La jeune femme sourit en se rappelant les cerisiers en fleurs, les rues animées, le quartier Shinjuku, les grands néons lumineux, le mont Fuji, les cours en plein été. Sa chanson était pleine de nostalgie et de sentiments. Pendant plusieurs minutes, sa chanson envahit la chambre, personne ne disant rien pour troubler cette douce mélodie. Les cris de l'enfant cessèrent. C'était comme dans un temple où le seul silence était accepté. Où tout semblait paisible et beau. Où l'on pensait que la vie était vraiment quelque chose de merveilleux. Où l'on pensait à quel point nous étions égoïstes vis-à-vis du malheur des autres. Tous entrèrent dans ce temple par la voix enchanteresse de Natsu. Konrad s'endormit sur les genoux de son père, lui-même bercé. Seul persista Perséphone qui sentit son cœur bondir plus d'une fois en la regardant. S'il n'était pas amoureux d'elle auparavant, il serait tombé à ce moment, en entendant cette voix et en regardant ce visage paisible. La chanson cessa et elle lui fit un sourire, ayant un regard tendre envers son fils. Elle annonça de cette voix toujours calme;

- Junichi ... N'est-ce pas un beau prénom ?
- Un prénom japonais est souvent magnifique. Il lui conviendra parfaitement.

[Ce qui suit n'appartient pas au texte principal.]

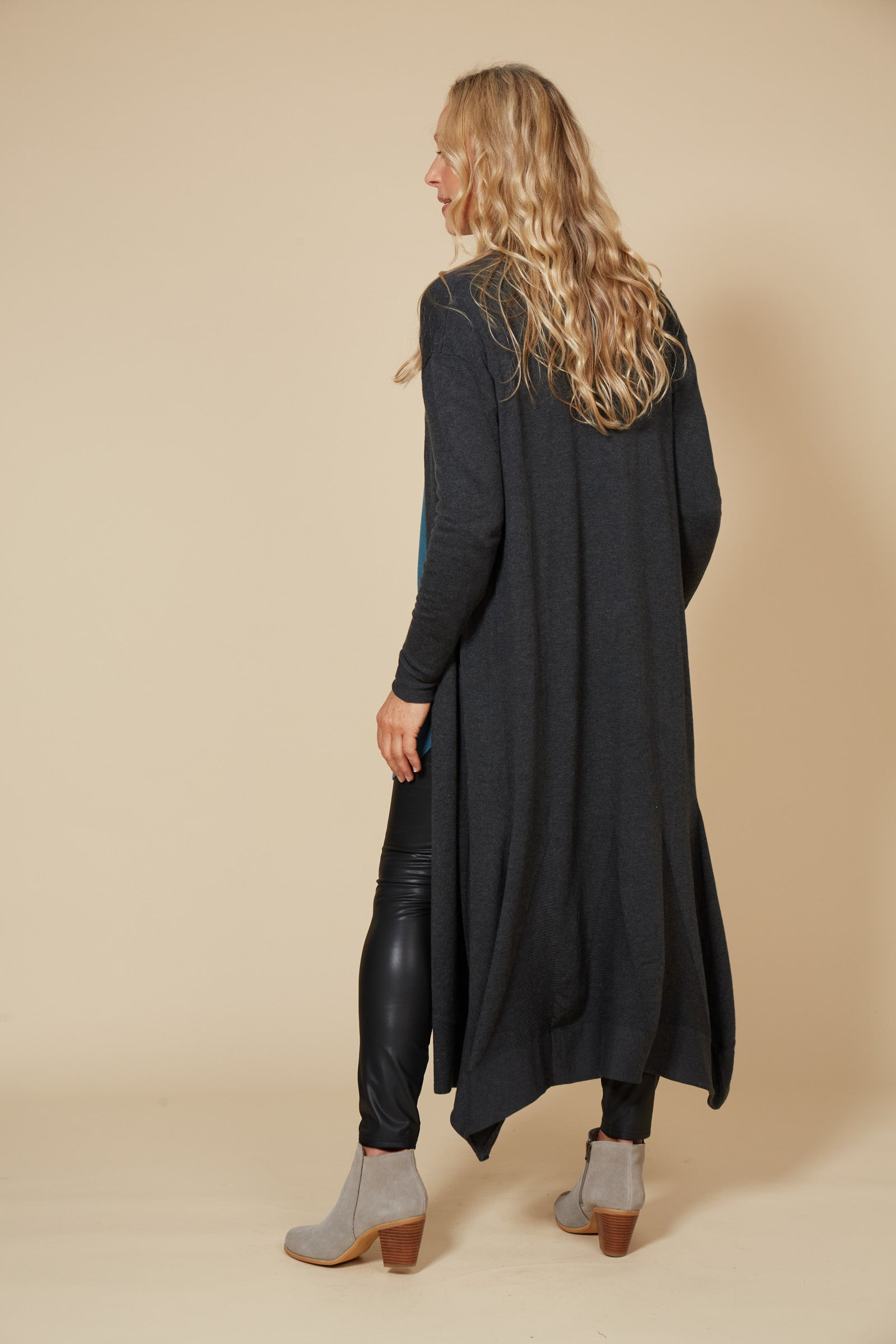 Cleo Longline Cardigan - Fossil
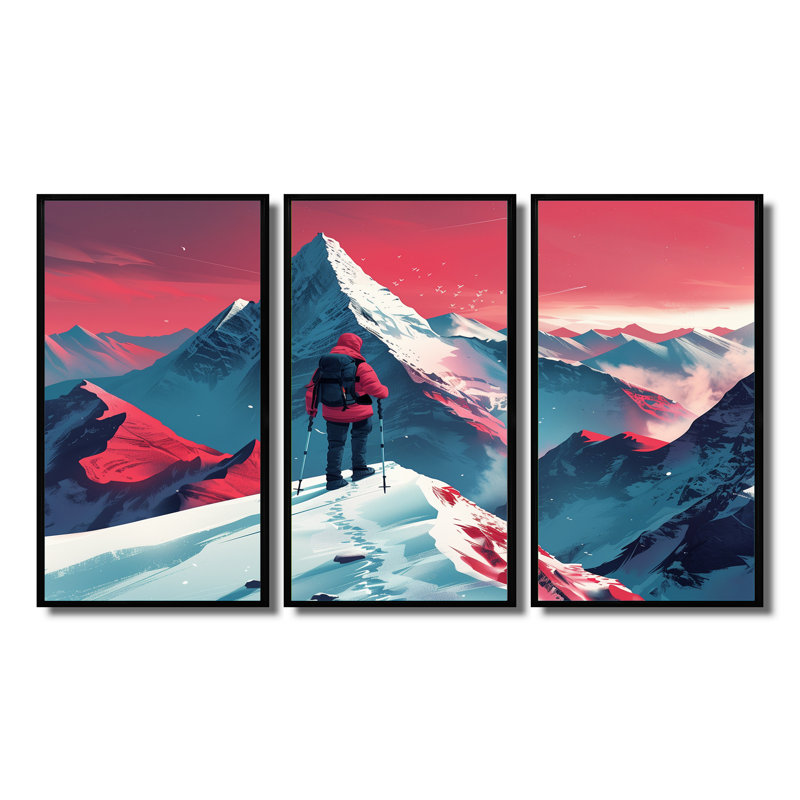 Ensemble de décorations murales rouges et bleues, H 28 po x l 36 po x P 1 po, Toile avec cadre flottant noir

Elle eut un nouveau sourire et laissa Junichi dans les bras de son père. Exténuée, elle s'allongea et son mari la borda, comme si elle était un enfant. Il mit Konrad près de sa mère et emmena le bébé jusqu'à son berceau. Il sortit de la pièce et autorisa le corps hospitalier à rentrer dans la pièce en les priant de ne pas faire de bruit. Il décida de s'occuper des faire-parts. Cette tâche l'agaçait d'avance. Il préféra prendre son manteau et partir. Il avait cette terrible habitude de s'en aller sans ne rien dire, la solitude étant davantage son allié. Il prit une cigarette ainsi que son zippo et partit en voiture. Il savait déjà parfaitement où il se dirigeait, comme si ses pas le guidaient. Il allait jusqu'au sud du Dublin pour pouvoir escalader les montagnes et atteindre les sommets. C'était un besoin prégnant et constant que d'observer l'Irlande, son pays, sa patrie, son tout. Durant des heures, il se perdit parmi la végétation, ne regardant pas l'heure qui tournait ni le ciel qui virait à l'orangé. Une fois parvenu au sommet, il s'installa sur une pierre et, cette fois, regarda l'heure et le ciel qui virait à l'orangé. Il était plus de 21h. Natsu ne s'en inquiéterait guère. Elle aussi avait parfois cette envie soudaine de liberté et d'ailleurs. Il prit sa cigarette et l'alluma à la lueur de la flamme qui vacillait. Le soleil déclinait lentement, laissant place au noir, à la lune et aux étoiles. Cependant, il ne voulait pas s'attarder plus longtemps. Il reprit le chemin le plus court pour dévaler la montagne et rejoignit rapidement la voiture. Il écrasa la cigarette sur le sol, mit le véhicule en marche et retourna vers son destin qui l'attendait sagement chez lui. La route sinueuse semblait longue. Il n'y avait plus que quelques personnes vagabondant sur le béton. Quand il fut rentré chez lui, il gara la voiture et constata que le médecin était resté. Il soupira et rentra dans la demeure. Perséphone monta dans la chambre et vit la pièce comme lorsqu'il l'avait quitté, les habitants toujours endormis. Il jeta un œil par la fenêtre pour observer les étoiles lorsque Junichi se réveilla en hurlant. Ne voulant pas Natsu sorte de ses doux rêves, il emmena le petit dehors, dans le jardin, vers le blanc où il allait toujours pour se livrer à la contemplation de la voûte étoilée. Il prit le garçon sur ses genoux et lui montra du doigt quelques étoiles qui trônaient en forme de casserole puis une autre, plus réduite, de la même forme.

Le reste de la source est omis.